1. Long commute got you down? Metrosha the metro station robot is sure to give you a boost – and if you’re lucky, a wink. Maybe he’ll even transform his LED eyeballs into hearts. Those are just a few of Metrosha’s charms: he’s also got a touch-screen on his chest and the ability to answer simple questions, recognize names and faces, and take and print pictures. Introduced by the Moscow Metro to lift riders’ moods, Metrosha will grace stations around Moscow on holidays and special occasions.
2. At long last: Moscow is building a multi-billion-ruble dance complex for acrobatic rock & roll, and it’s going to be run by a Kremlin official with family ties to Russia's new National Guard – which some call Putin’s private army. Haven’t heard of acrobatic rock & roll? It’s only the favorite sport of Katerina Tikhonova, rumored to be President Vladimir Putin’s youngest daughter (though he’s notoriously silent about his family).

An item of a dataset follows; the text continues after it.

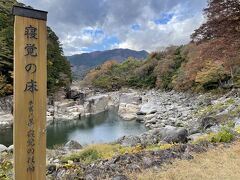 山に囲まれた道を更に南へ進むを「寝覚の床」
木曽八景のひとつで、花崗岩の地層の間を木曽川が流れています。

Where Putin leads in politics, Tikhonova triumphs in cutting a rug.
3. On March 1, Russia celebrates World Cat Day. And you know what that means: a whole day of looking at cat memes and not having to feel guilty about it. The Moscow Cat Museum unofficially heralded March 1 as Cat Day in 2004, and Russians have celebrated their feline friends on that day ever since. Other countries celebrate Cat Day on August 8, the date chosen by the International Fund for Animal Welfare (IFAW) and other animal rights groups. Whichever day you prefer, any excuse to click through cat pics.
In Odder News
Russia may have a law criminalizing so-called “gay propaganda,” but it still has a vibrant – if underground – LGBT community, including drag queen performers like Mona Pepperoni, Vladislav Mamyshev-Monro, and the Birds of Paradise drag collective. For some it’s immoral; for other it’s a mode of expression. But as a political statement and a counter-culture art form, it’s a self-labeled “freak party” worth reading about.
Quote of the Week
“It’s easier for people to be hidden and not stick their necks out. It’s self-defense.”
—Grigory Zaritovsky, aka drag performer “Mona Pepperoni,” on drag as an aesthetic practice most performers prefer to keep separate from political activism.